═════ PROVIDED MATERIAL ═════

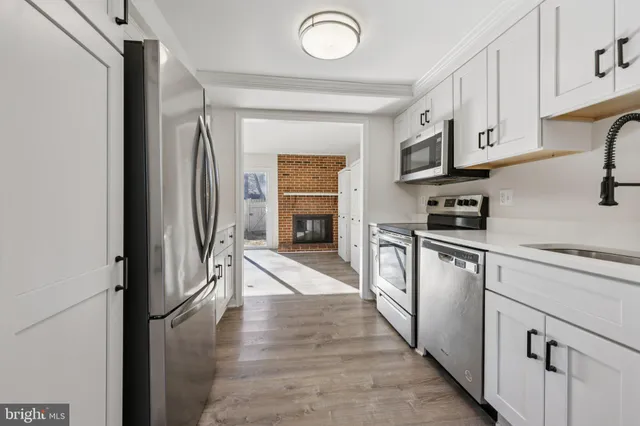 $464,900 | 601 Clearwater Court, Herndon, VA 20170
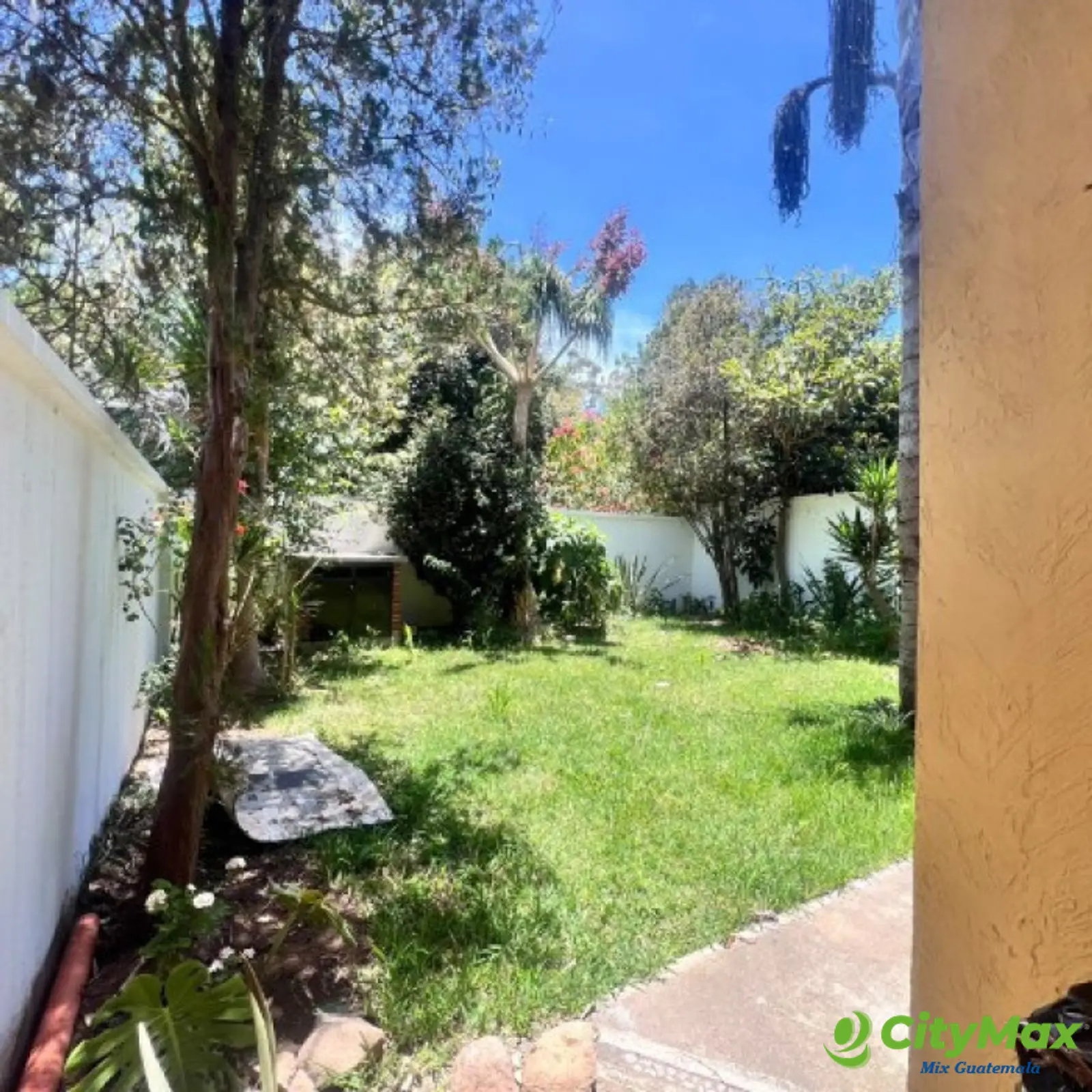 Casa en venta en Jardines de San Lucas Sacatepéquez - foto 6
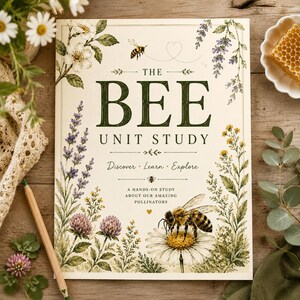 Puede incluir: Un libro de tapa blanda titulado The Bee Unit Study con una cubierta de color crema que presenta ilustraciones botánicas de flores silvestres, lavanda y trébol. El texto dice Discover, Learn, Explore y A hands-on study about our amazing pollinators.
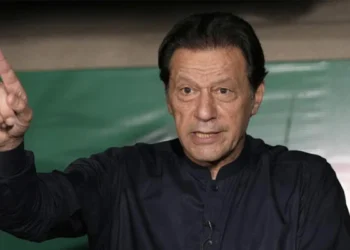 پارٹی رہنماؤں کے ایک دوسرے پر الزامات، عمران خان نے وارننگ دیدی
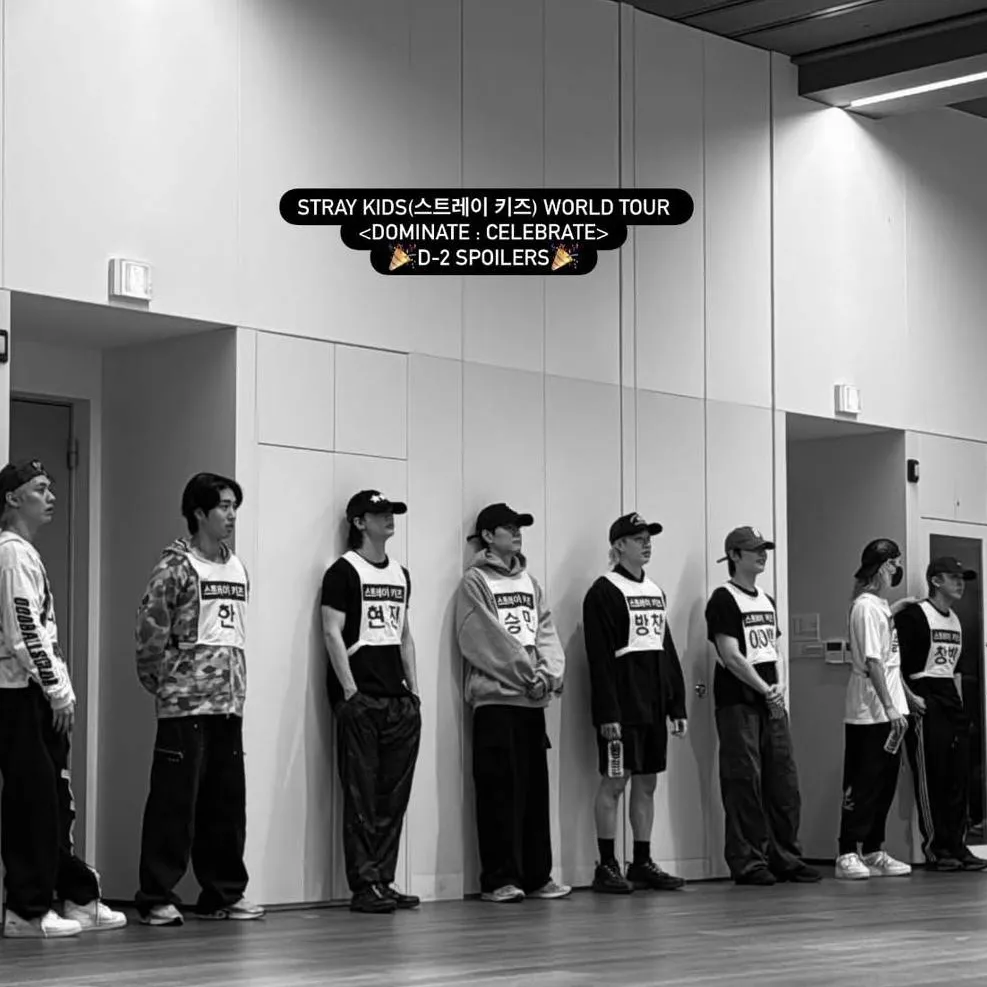 chat with ai character: STRAY KIDS 🥟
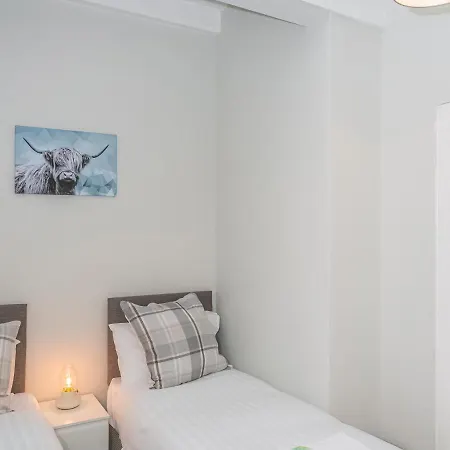 Newly Decorated Spacious 2bed Flat In Chic Area Edinburgh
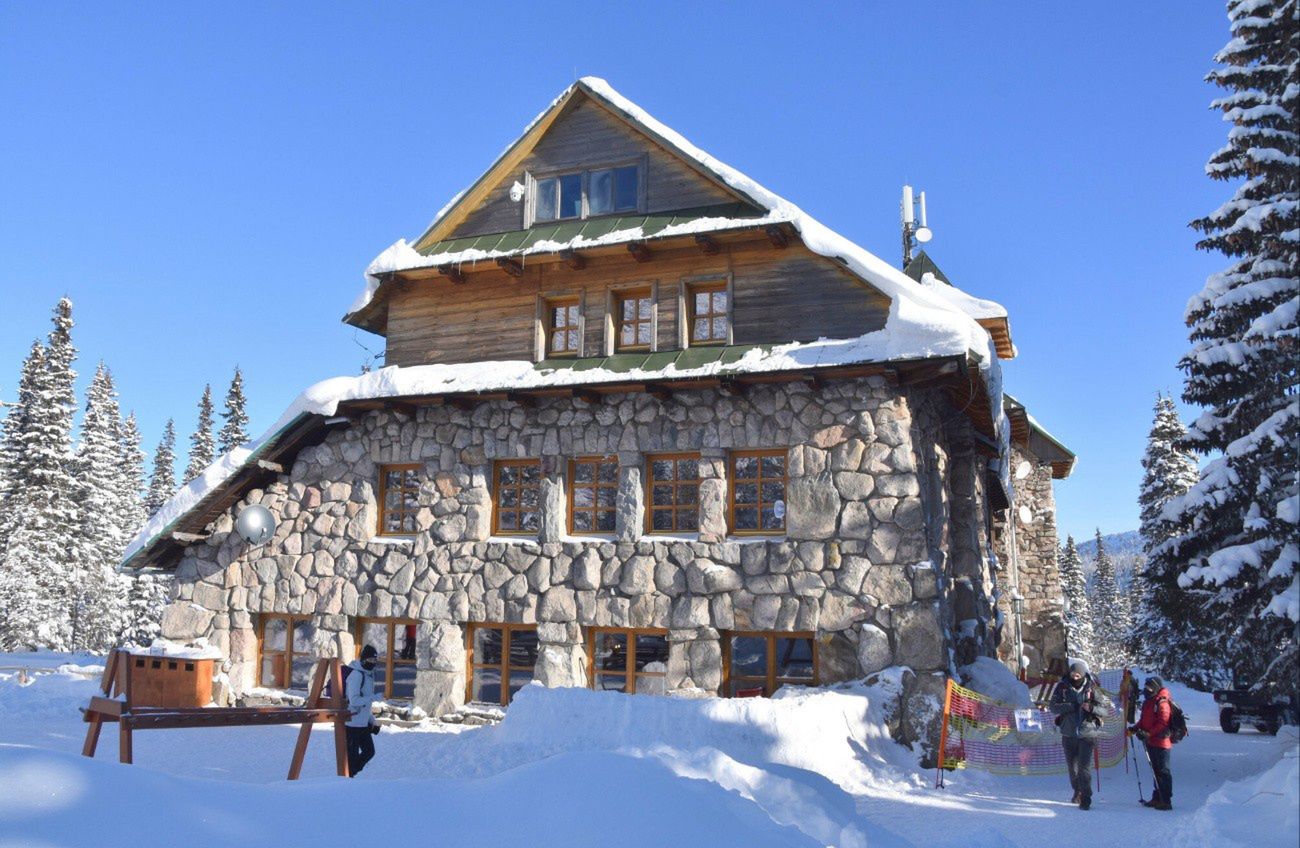 Cyberatak na schronisko w Tatrach. Wysłali maile o anulowaniu wyjazdów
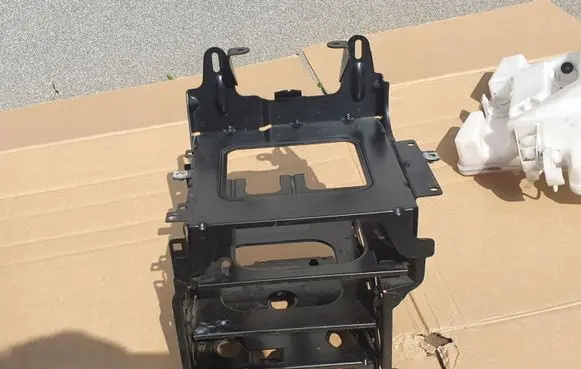 Audi A6 S6 C6 4F Sound amplifier holder/bracket 4F0035209C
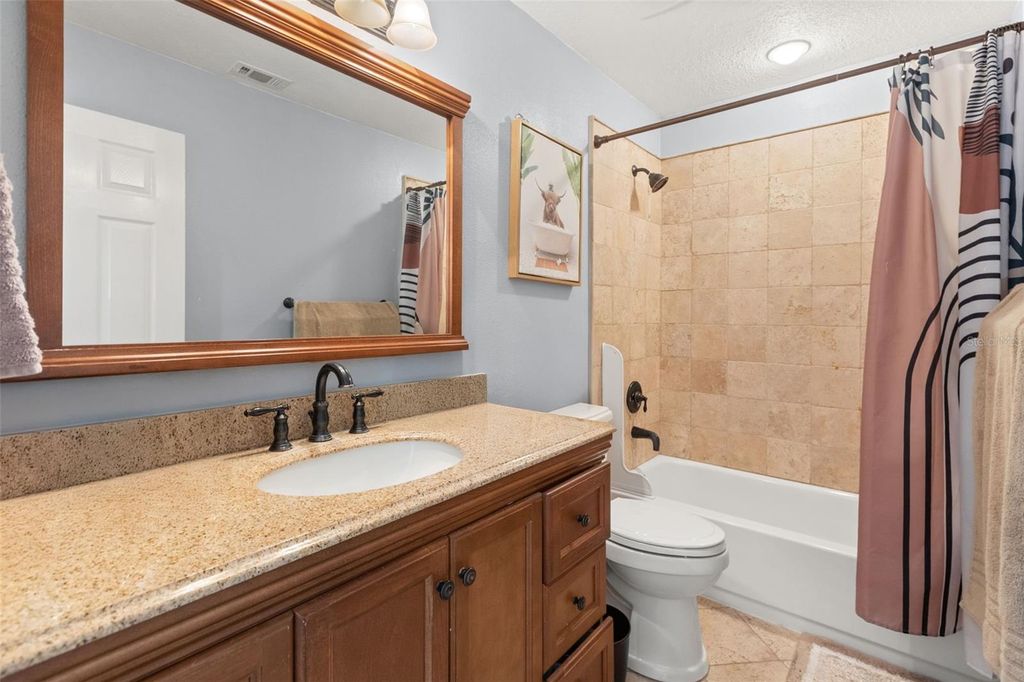 Image 23 of property listing at 11612 PEACH GROVE LANE, Orlando, FL 32821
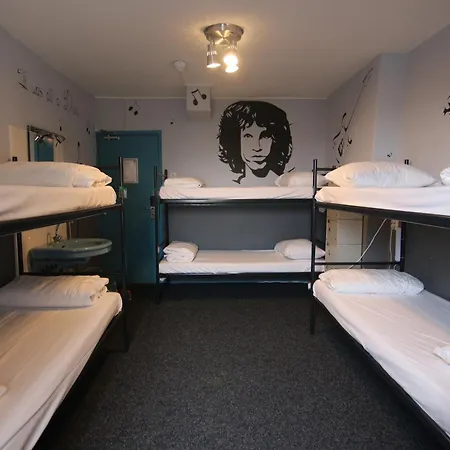 The Flying Pig Beach Hostel Age 18 To 40-2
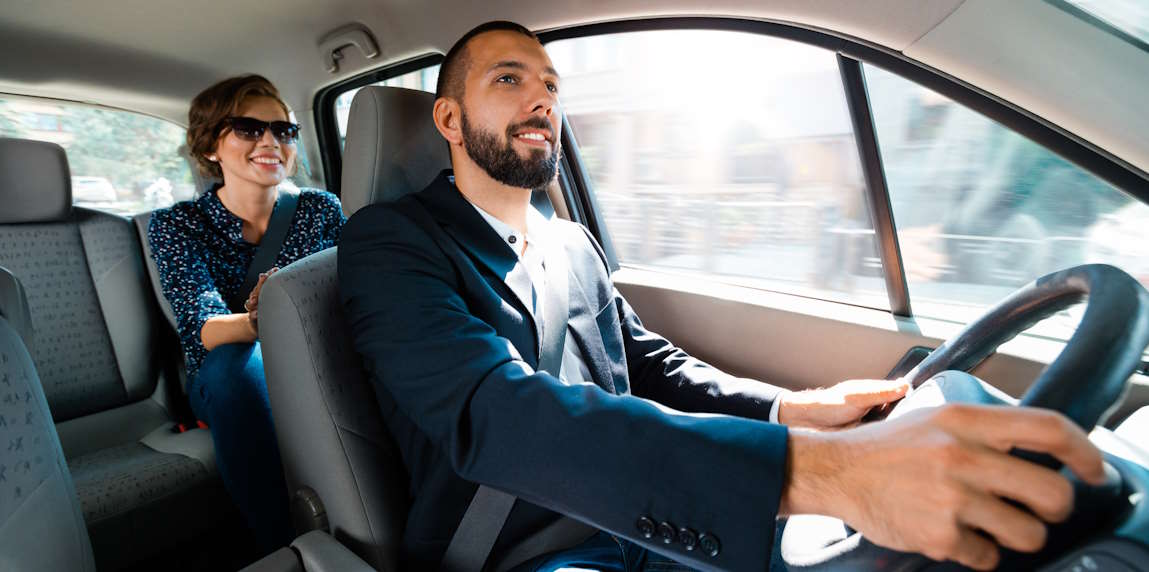 Chauffeur LOTI avec une cliente à l'arrière de son véhicule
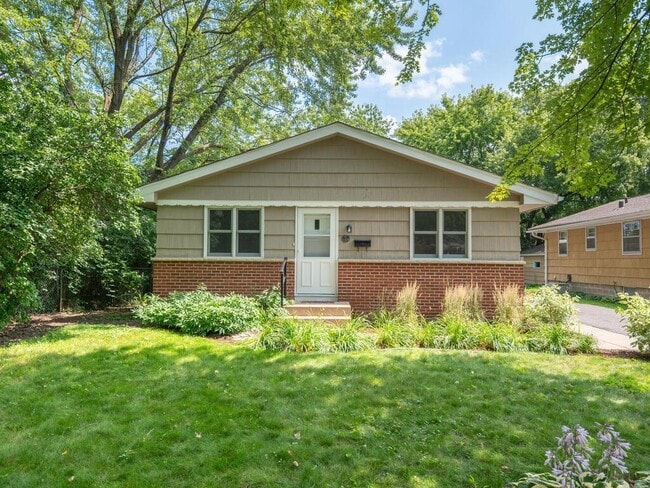 Building Photo - 6321 Wilryan Ave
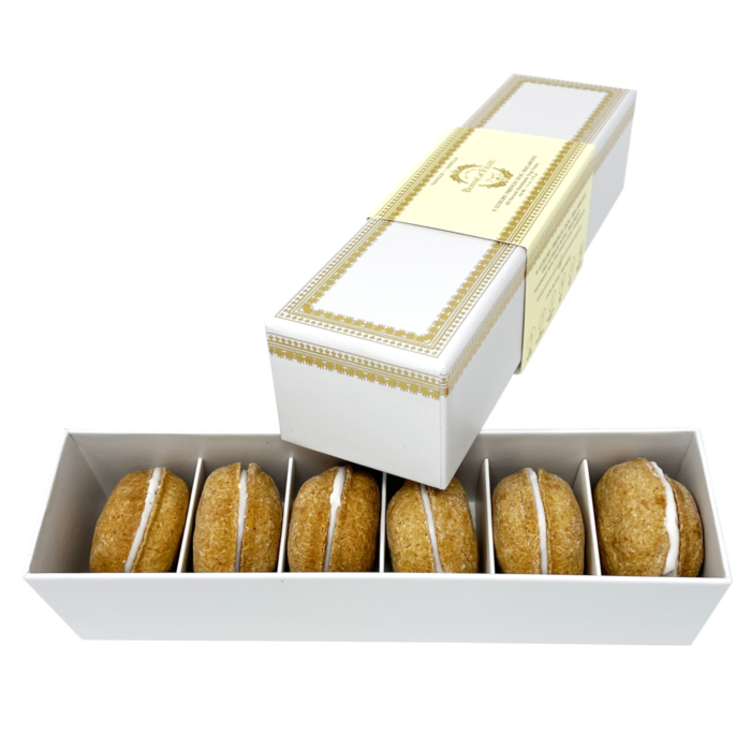 Самые роскошные аксессуары для домашних питомцев - «Новости ЦУМ»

═════

• **WHAT THE TASK ASKS**: Quote, please, every line of the material above from its start through the line that has "Casa en venta", reproducing the words exactly and dropping any images.

• **ANSWER**:
 $464,900 | 601 Clearwater Court, Herndon, VA 20170
 Casa en venta en Jardines de San Lucas Sacatepéquez - foto 6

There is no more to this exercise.